The pork industry is comprised of hard working, innovative, leadership-focused individuals who make up the collective whole. Leadership stems from the top of the totem pole; as a dual-farm manager for Christensen Farms, Laura Sherman encompasses everything a leader should be: respectful of all employees regardless of title, determined to grow each individual on her team, and possessing the drive to work through differences and challenges.
Pathway to Passion
Sherman grew up in Salem, South Dakota, where her family had a feed business. Together with her siblings, Sherman had exposure to different animal agriculture pathways on daytrips with their father cleaning and filling creep feeders for calves, as well as with a few recreational horses at their home.
Sherman’s first experience in the swine industry occurred during her high school years, when she was asked to assist in running the agitator for her grandfather’s liquid manure hauling business. Sherman would later realize this experience served as the cornerstone for her journey in the pork industry.

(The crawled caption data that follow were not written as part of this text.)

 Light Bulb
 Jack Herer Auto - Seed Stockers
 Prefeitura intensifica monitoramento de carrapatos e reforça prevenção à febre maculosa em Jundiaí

Several weeks later, the owner of the barn reached out to Sherman to fill in for a staff member going on maternity leave. After school, Sherman learned from the owners how to tend to sows, help with processing litters, and assist throughout the barn as needed. Proof of an aspiring sow farm manager, stillborns at the farm were significantly reduced under Laura’s watchful care. On the weekends, she had the opportunity to see other operations in the barn including breeding and nursery.
Her college career at South Dakota State University (SDSU) didn’t lead her straight to pigs, as most of her collegiate extra-curriculars revolved around sheep and horses. It wasn’t until she had finished college and spent a few years managing a horse farm that she found her way back into the pig world.
During an interview with Christensen Farms, her past experience with farrowing stood out, leading the team to direct her to a sow farm. Thirteen years later, and Sherman still finds herself working with sows and piglets in breeding and farrowing barns.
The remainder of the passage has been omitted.